The architecture follows a U‑Net‑style encoder‑decoder with skip connections, outputting the residual map. Training combines an L1 reconstruction loss with a conditional GAN loss, encouraging both pixel‑wise fidelity and realistic texture synthesis. No semantic labels or paired images are needed, making the approach domain‑agnostic.
Experiments are conducted on two datasets: a high‑resolution face dataset (21 k images at 512 × 512) and the Cityscapes street‑view dataset (5 k images, down‑sampled to 512 × 1024). On faces, the method outperforms the prior FaceShop system both qualitatively and quantitatively (higher PSNR/SSIM), handling eyes, noses, mouths, and even low‑contrast textures. On Cityscapes, it successfully copies and pastes complex structures such as building facades, road markings, and vehicles, while correcting color mismatches, geometric pose differences, and background clutter. Visual results show smooth boundaries, consistent illumination, and plausible hallucination of missing content when the homography removes parts of the source.
The paper’s strengths include (1) a clever, fully automatic data synthesis strategy that mimics real‑world copy‑paste challenges, (2) an end‑to‑end trainable model that jointly resolves shading and geometry, and (3) demonstrated generalization from faces to high‑resolution urban scenes.
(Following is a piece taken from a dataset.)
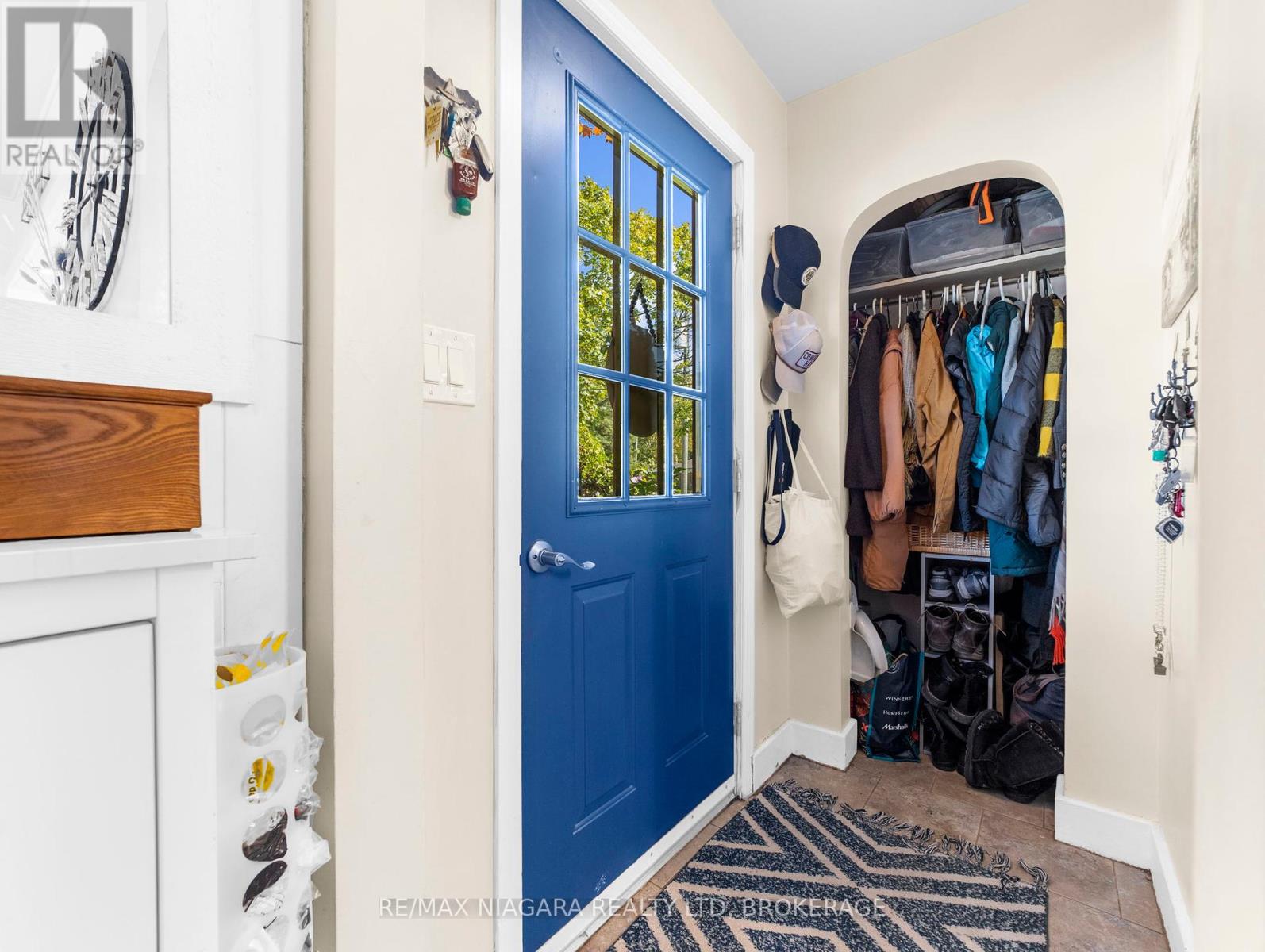 7014 Margaret Street, Niagara Falls, Ontario  L2G 2W2 - Photo 3 - X12402178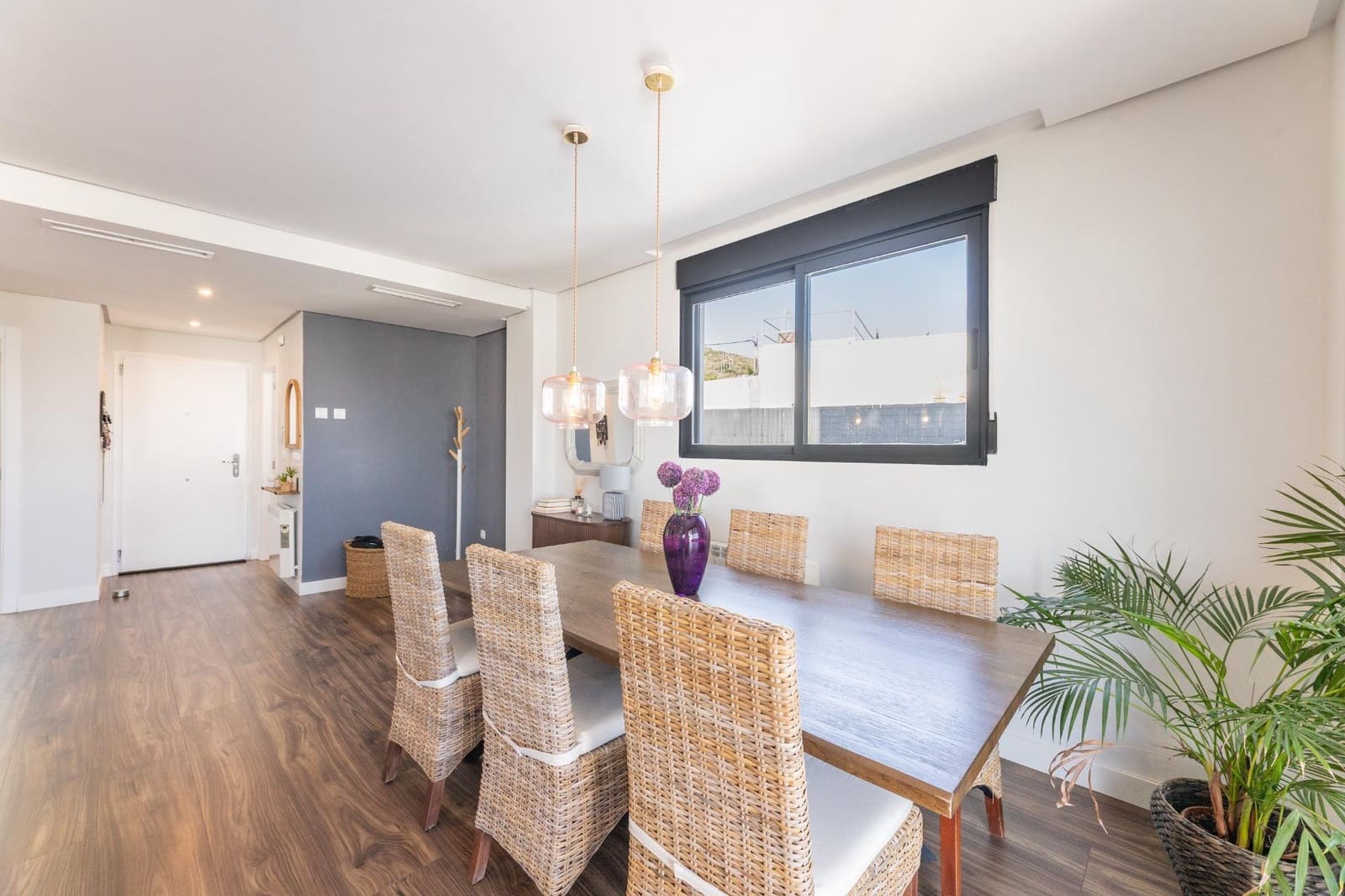 5 soveværelse Villa til salg i Chiva med swimmingpool garage - € 475.000 (Ref: 9335266)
Limitations are noted: the transformation range must be carefully balanced—too weak makes the task trivial, too strong reduces it to unconditional inpainting; the homography‑based geometry handling may not capture large 3D pose changes; and training at very high resolutions remains computationally demanding.
Overall, the work advances image editing by removing the need for hand‑crafted datasets or domain‑specific tricks, offering a versatile copy‑paste tool that can be extended to other domains and potentially integrated into consumer‑grade photo‑editing applications.